Yield Farming vs Liquidity Mining: What’s The Difference?

liquidity mining vs yield farming

Yield farming vs liquidity mining refer to providing your cryptocurrency assets as liquidity in DeFi protocols to earn additional crypto rewards. In short, both yield farming and liquidity mining are about putting your crypto to work and earn more crypto from it.

Decentralized finance has locked up $50 billion in value in just under a year. The explosive growth is primarily due to a craze known as yield farming or liquidity mining

Both yield farming and liquidity mining refer to the same process of depositing cryptocurrency assets in DeFi pools to earn crypto rewards. Regardless of whether you prefer to call the process yield farming vs liquidity mining, the result is the same: DeFi farming is all about earning more crypto by providing liquidity.

If you’re new to the DeFi world, all of these terms will be confusing. In this guide, you’ll find clear definitions for yield farming, liquidity mining, and other important DeFi concepts, along with how to start your own DeFi journey.

What is Yield Farming?

Yield farming, also known as liquidity mining, is depositing cryptocurrencies into DeFi protocols such as Compound and Uniswap in return for rewards paid in crypto.

Depositing crypto into DeFi pools is known as providing liquidity, making you a liquidity provider. To understand these concepts better, take the terms one word at a time:

  • Yield: On its own, the word yield means to produce. For instance, a tomato plant yields tomatoes at harvest time. In the context of yield farming, the crypto you deposit into DeFi protocols yields a return paid in more crypto.
  • Farming: The pools and protocols wherein you provide liquidity are a lot like farms. You plant your seeds (provide liquidity), then let them grow over time into fruit-bearing plants (allow your deposited crypto assets time to generate yields).
  • Liquidity: DeFi protocols like Uniswap, Sushi, and Compound are decentralized exchanges that depend on having crypto assets on hand for people buying and selling or borrowing and lending crypto from one another. Liquidity refers to having those assets on hand. The more liquidity a DeFi protocol has, the better price discovery and overall experience it can offer its users.
  • Mining: In the DeFi world, mining has a similar meaning to farming. In essence, when you provide liquidity to earn rewards in the protocol’s native token (i.e., earning COMP by depositing USDC on Compound), you are mining COMP tokens by providing another token the protocol needs (in this case, USDC).
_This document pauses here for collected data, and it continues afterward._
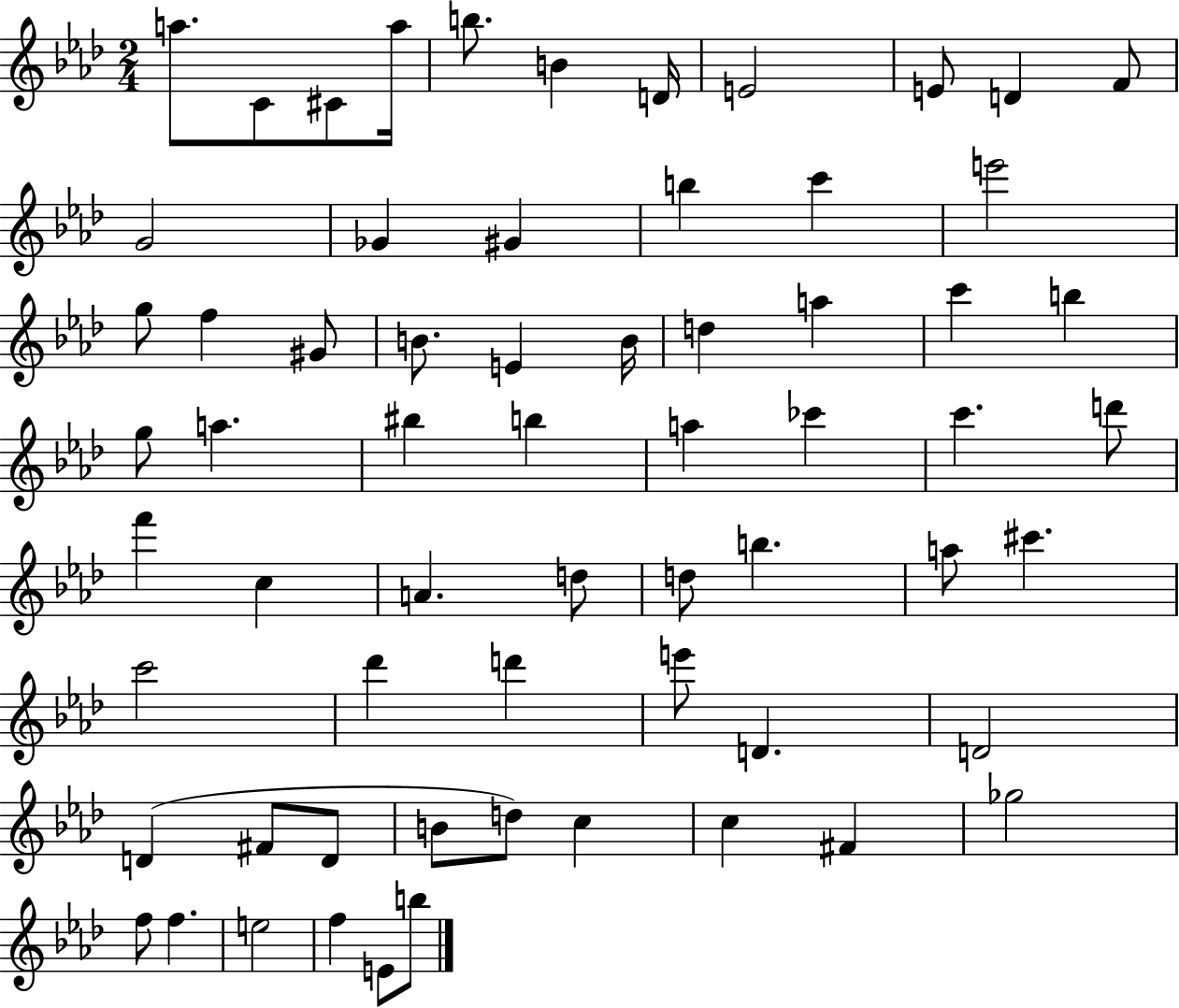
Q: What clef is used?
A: treble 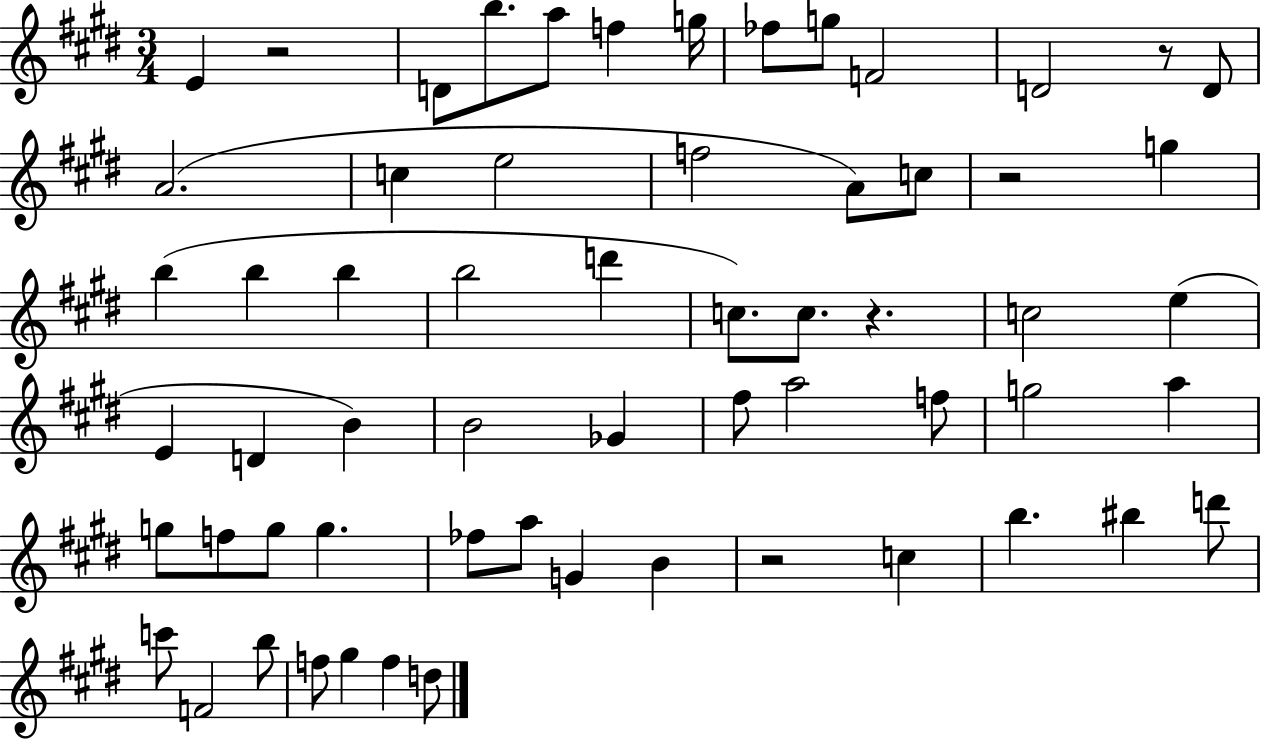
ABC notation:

X:1
T:Untitled
M:3/4
L:1/4
K:E
E z2 D/2 b/2 a/2 f g/4 _f/2 g/2 F2 D2 z/2 D/2 A2 c e2 f2 A/2 c/2 z2 g b b b b2 d' c/2 c/2 z c2 e E D B B2 _G ^f/2 a2 f/2 g2 a g/2 f/2 g/2 g _f/2 a/2 G B z2 c b ^b d'/2 c'/2 F2 b/2 f/2 ^g f d/2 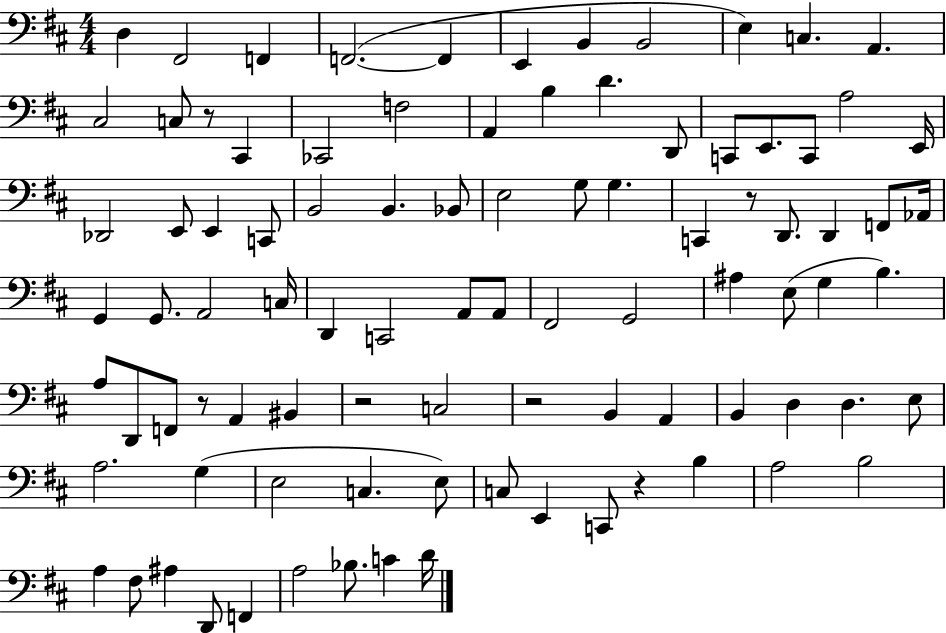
{
  \clef bass
  \numericTimeSignature
  \time 4/4
  \key d \major
  \repeat volta 2 { d4 fis,2 f,4 | f,2.~(~ f,4 | e,4 b,4 b,2 | e4) c4. a,4. | \break cis2 c8 r8 cis,4 | ces,2 f2 | a,4 b4 d'4. d,8 | c,8 e,8. c,8 a2 e,16 | \break des,2 e,8 e,4 c,8 | b,2 b,4. bes,8 | e2 g8 g4. | c,4 r8 d,8. d,4 f,8 aes,16 | \break g,4 g,8. a,2 c16 | d,4 c,2 a,8 a,8 | fis,2 g,2 | ais4 e8( g4 b4.) | \break a8 d,8 f,8 r8 a,4 bis,4 | r2 c2 | r2 b,4 a,4 | b,4 d4 d4. e8 | \break a2. g4( | e2 c4. e8) | c8 e,4 c,8 r4 b4 | a2 b2 | \break a4 fis8 ais4 d,8 f,4 | a2 bes8. c'4 d'16 | } \bar "|."
} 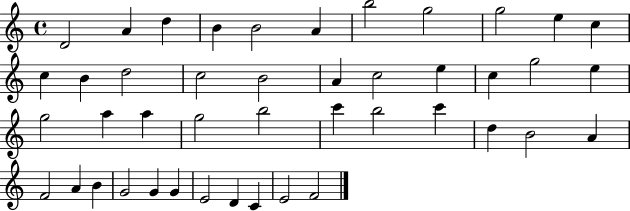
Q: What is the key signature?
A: C major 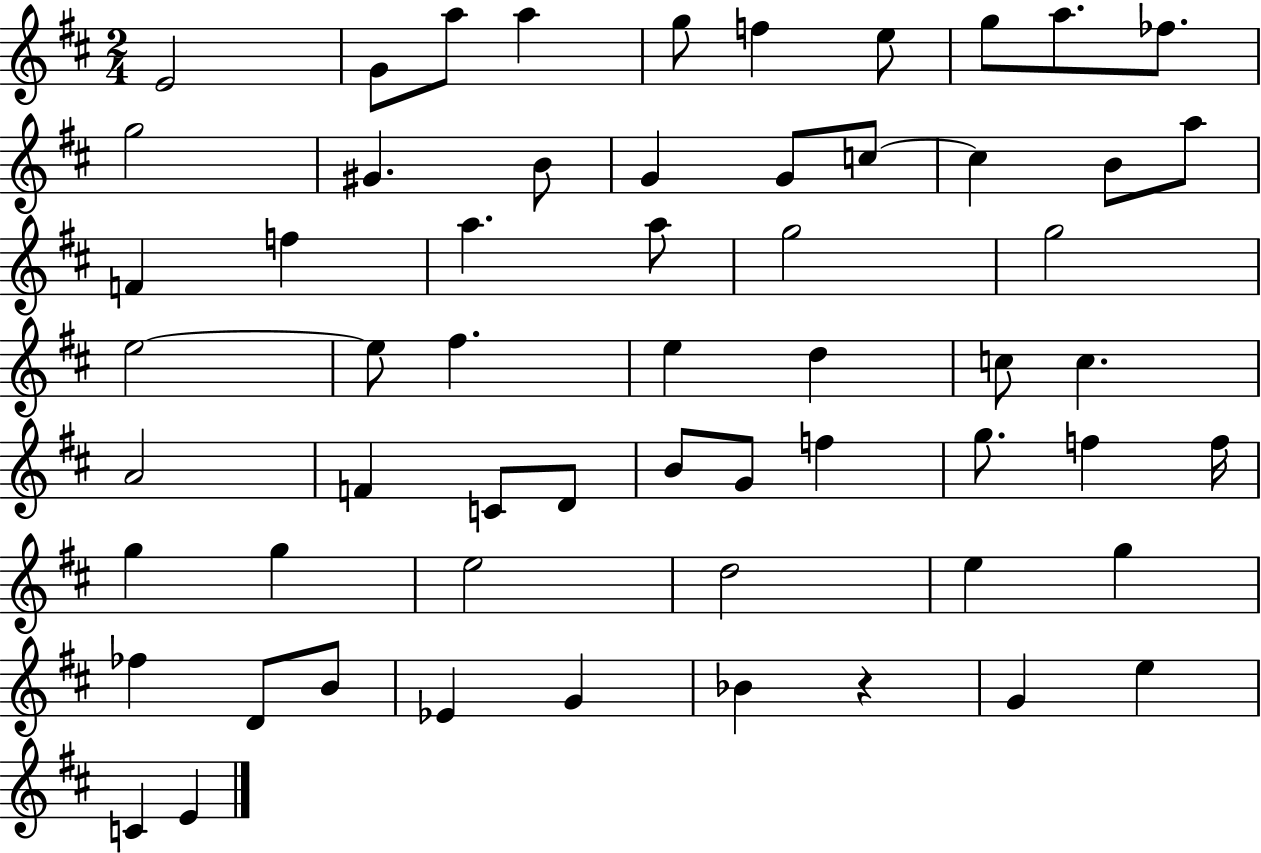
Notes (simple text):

E4/h G4/e A5/e A5/q G5/e F5/q E5/e G5/e A5/e. FES5/e. G5/h G#4/q. B4/e G4/q G4/e C5/e C5/q B4/e A5/e F4/q F5/q A5/q. A5/e G5/h G5/h E5/h E5/e F#5/q. E5/q D5/q C5/e C5/q. A4/h F4/q C4/e D4/e B4/e G4/e F5/q G5/e. F5/q F5/s G5/q G5/q E5/h D5/h E5/q G5/q FES5/q D4/e B4/e Eb4/q G4/q Bb4/q R/q G4/q E5/q C4/q E4/q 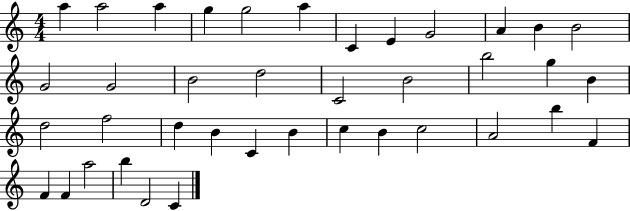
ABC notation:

X:1
T:Untitled
M:4/4
L:1/4
K:C
a a2 a g g2 a C E G2 A B B2 G2 G2 B2 d2 C2 B2 b2 g B d2 f2 d B C B c B c2 A2 b F F F a2 b D2 C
What is the Difference Between Staking & Yield Farming?

Staking is another popular concept that seems similar to yield farming but is quite different. In the section above, yield farming is defined as depositing tokens into pools on DeFi protocols to earn rewards paid in crypto.

When you yield farm, your rewards might be paid in one or both of the tokens you deposited or another token altogether (such as the protocol’s governance token).

However, staking isn’t about providing liquidity.

When you stake your tokens, you’re more than likely participating in a blockchain’s proof of stake consensus algorithm and are thereby securing the network, which is why you are rewarded with a certain APY (Annual Percentage Yield) paid in kind. 

Are Yield Farming & Liquidity Mining the same?

Yield farming and liquidity mining are essentially the same processes, albeit with one tiny difference. Whereas yield farming can refer to any time you provide liquidity to earn more tokens, liquidity mining references bootstrapping a new DeFi platform with liquidity in return for the platform’s token more specifically.

How To Start Yield Farming

Here’s how you can get started with yield farming quickly:

  1. Choose a DeFi platform with rewards paid to liquidity providers like SushiSwap. Other options include Compound Finance, Curve Finance, Badger DAO, Yearn Finance, Uniswap, Aave, and Synthetix.
  2. Next, provide liquidity where the APY is highest for your assets. Pick a pool of assets if depositing to a DEX like SushiSwap or Uniswap; or a single asset if depositing to a lending platform like Compound or Curve.
  3. Rewards begin to accrue immediately and are paid in kind (same as the asset you deposited), as LP tokens (liquidity provider tokens representing your growing share of the pool), or in the platform token (such as CRV for Curve).

Keep in mind that while yield farming always carries risks, you can keep your funds relatively secure as long as you use reputable DeFi platforms.


DeFi shows no signs of slowing down and is on its way to being integrated with centralized exchanges like Coinbase. Yield farming gives you the necessary tools for joining the future of finance by earning yields on your crypto assets.

Frequently asked questions

What is liquidity mining?

Liquidity mining is the act of providing liquidity (tokens) to a new DeFi platform to earn that platform’s native token.

What is yield farming?

Yield farming is the act of putting your cryptocurrency tokens to work in DeFi protocols that pay rewards on deposited assets.

What about staking?

Staking refers to securing or validating a blockchain by locking your cryptocurrency tokens as a stake on the network.

Are there any differences?

Liquidity mining and yield farming essentially mean the same thing, whereas staking is about network security, not decentralized finance.